Testing Binary Population Synthesis Models with Hot Subdwarfs
Richard A. Wade, Ravi kumar Kopparapu (Penn State)

TL;DR
This paper evaluates binary star evolution models by comparing predicted populations of hot subdwarfs with observed data, highlighting the potential for discovering hidden populations through wide-field surveys.
Contribution
It introduces a method to distinguish observable and hidden hot subdwarfs in binary systems and assesses the completeness of current catalogs.
Findings
Current catalogs may be incomplete, missing hidden sdB populations.
Wide-field surveys like 2MASS, SDSS, and GALEX can help identify hidden sdBs.

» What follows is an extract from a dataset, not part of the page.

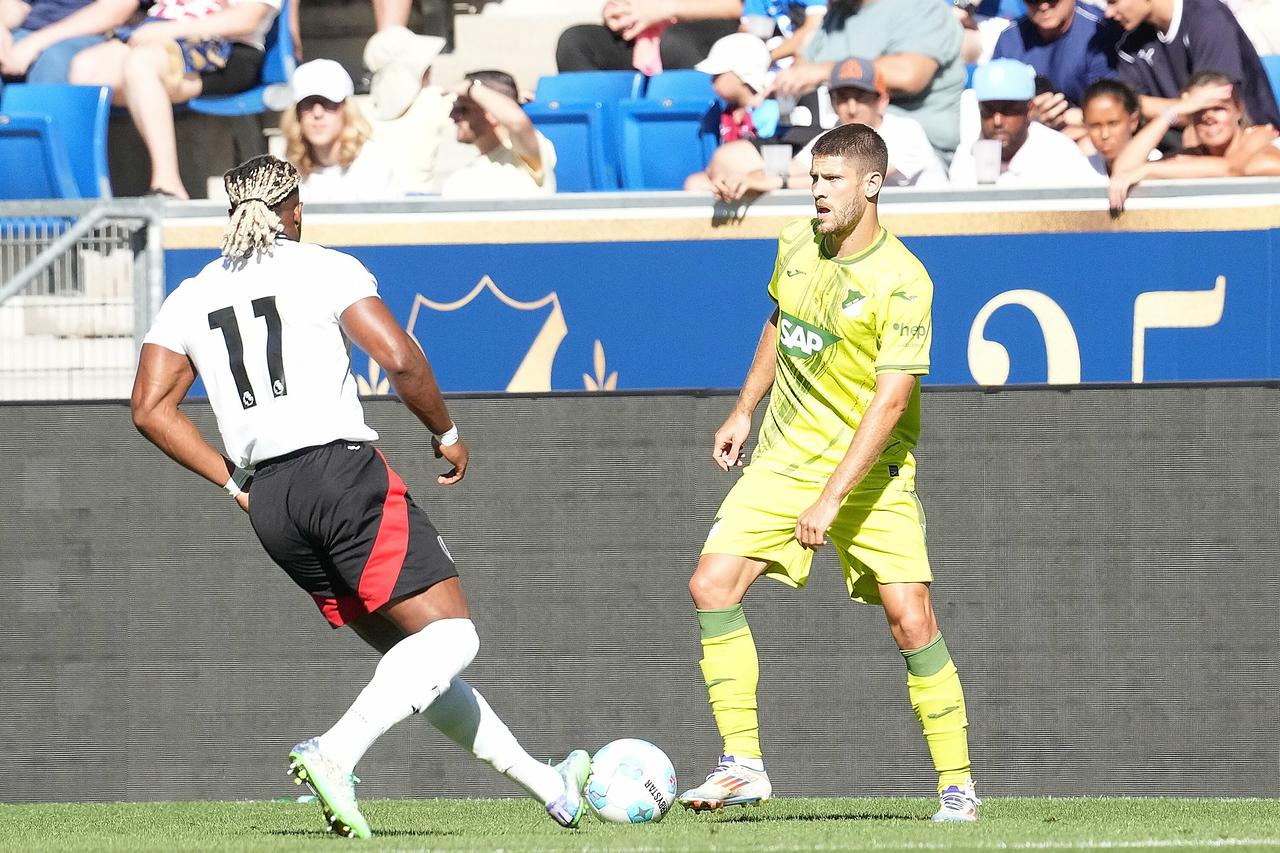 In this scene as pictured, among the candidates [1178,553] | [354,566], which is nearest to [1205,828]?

Models successfully explain short-period sdB systems but less so for long-period ones.
Abstract
Models of binary star interactions have been successful in explaining the origin of field hot subdwarf (sdB) stars in short period systems, but longer-period systems that formed via Roche-lobe overflow (RLOF) mass transfer from the present sdB to its companion have received less attention. We map sets of initial binaries into present-day binaries that include sdBs and main-sequence stars, distinguishing "observable" sdBs from "hidden" ones. We aim to find out whether (1) the existing catalogues of sdBs are sufficiently fair samples of all the kinds of sdB binaries that theory predicts; or instead whether (2) large predicted hidden populations mandate the construction of new catalogues, perhaps using wide-field imaging surveys such as 2MASS, SDSS, and Galex. We also report on a pilot study to identify hidden subdwarfs, using 2MASS and GALEX data.